= Districts of Zurich =

Municipal districts of Zurich, Switzerland

The City of Zurich is divided into twelve districts (known as Kreise in German), numbered 1 to 12, each one of which containing, depending on the definition, anywhere between 1 to 4 quarters (or Quartiere in German). There are a total of 22 ceremonial quarters (6 of which being coterminous with their districts, namely the Altstadt, Wiedikon, Aussersihl, the Industriequartier, Riesbach, and Schwamendingen), 34 statistical quarters, and over 200 statistical areas.
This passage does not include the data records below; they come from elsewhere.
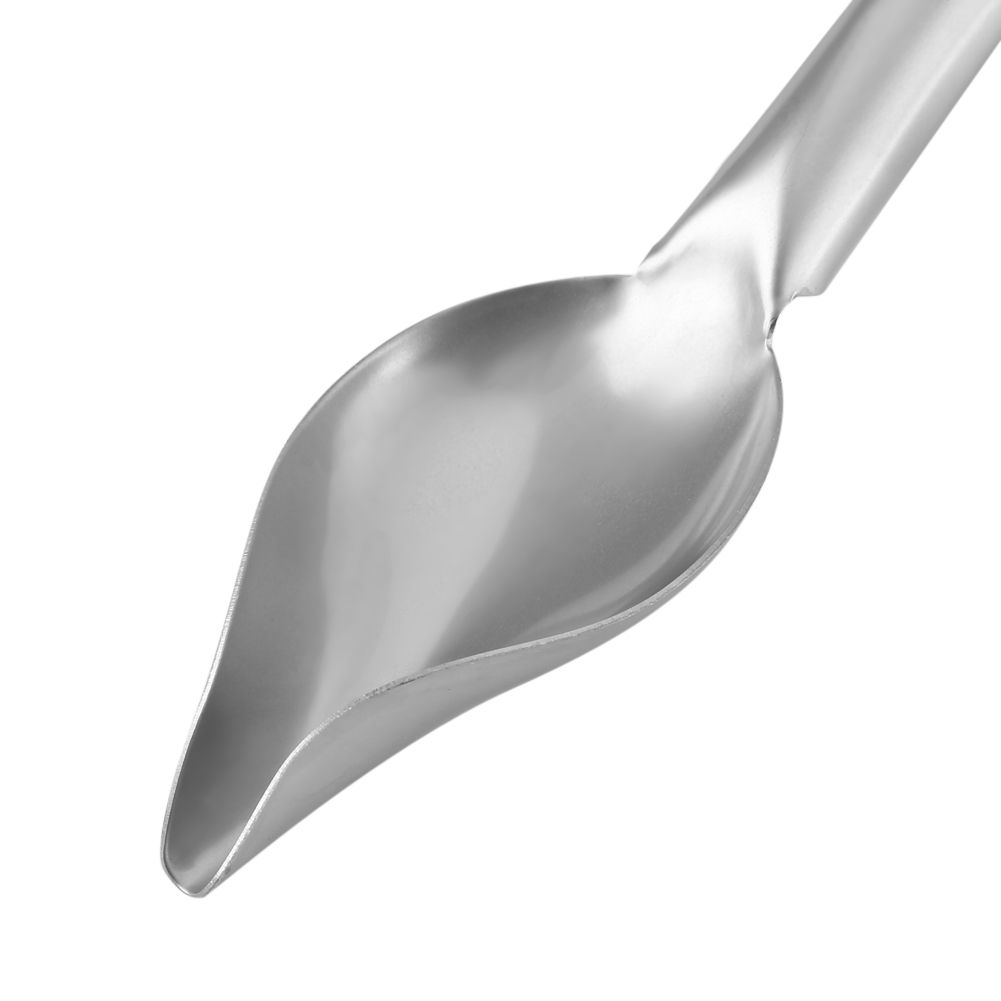 Stainless Steel Sauce Spoon Draw Tool for Dressing Dessert Food Plate Decor view 5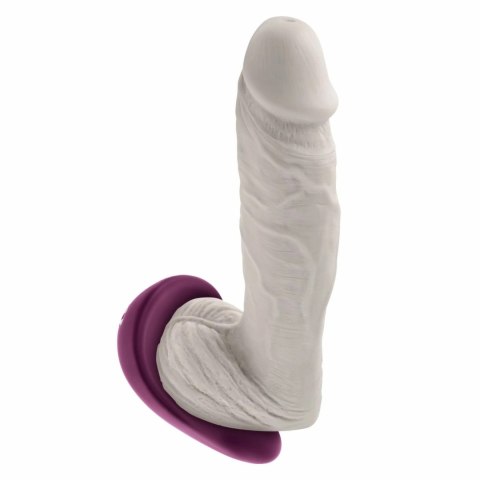 Gender X BJ Buddy Vibrator Burgundy - kompaktowa maszyna intymna IPX5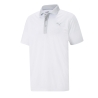 Polo Blanc Homme Puma Gamer 599118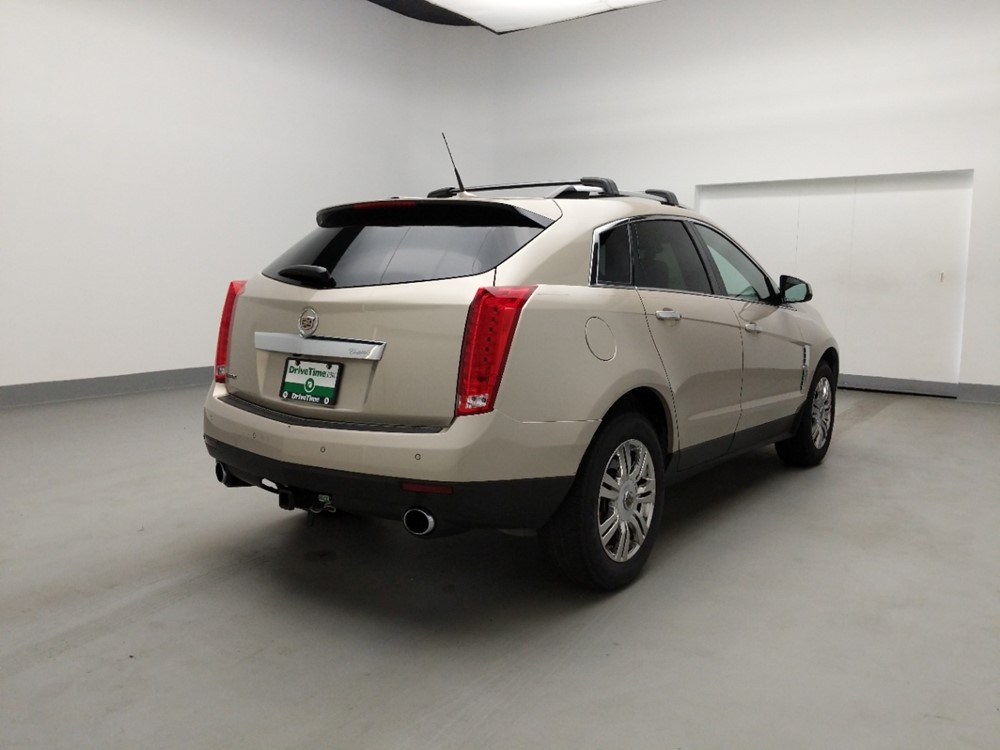 2011 Cadillac SRX - Passenger Rear Bumper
Zurich is also divided into 25 postal areas, which are typically aligned with district and quarter boundaries.

Two large expansions of the city limits occurred in 1893 and in 1934 when the City of Zurich merged with many surrounding municipalities with which it had started to overlap. Most of the district and quarter boundaries are fairly similar to the original boundaries of the previously-existing municipalities. Four currently-independent surrounding municipalities (Kilchberg, Oberengstringen, Schlieren, and Zollikon) had been seen as incorporation candidates, though the 1929 initiative which proposed to integrate them (alongside others) failed to gain the approval of the cantonal electorate, and they were subsequently not included in the 1934 incorporations.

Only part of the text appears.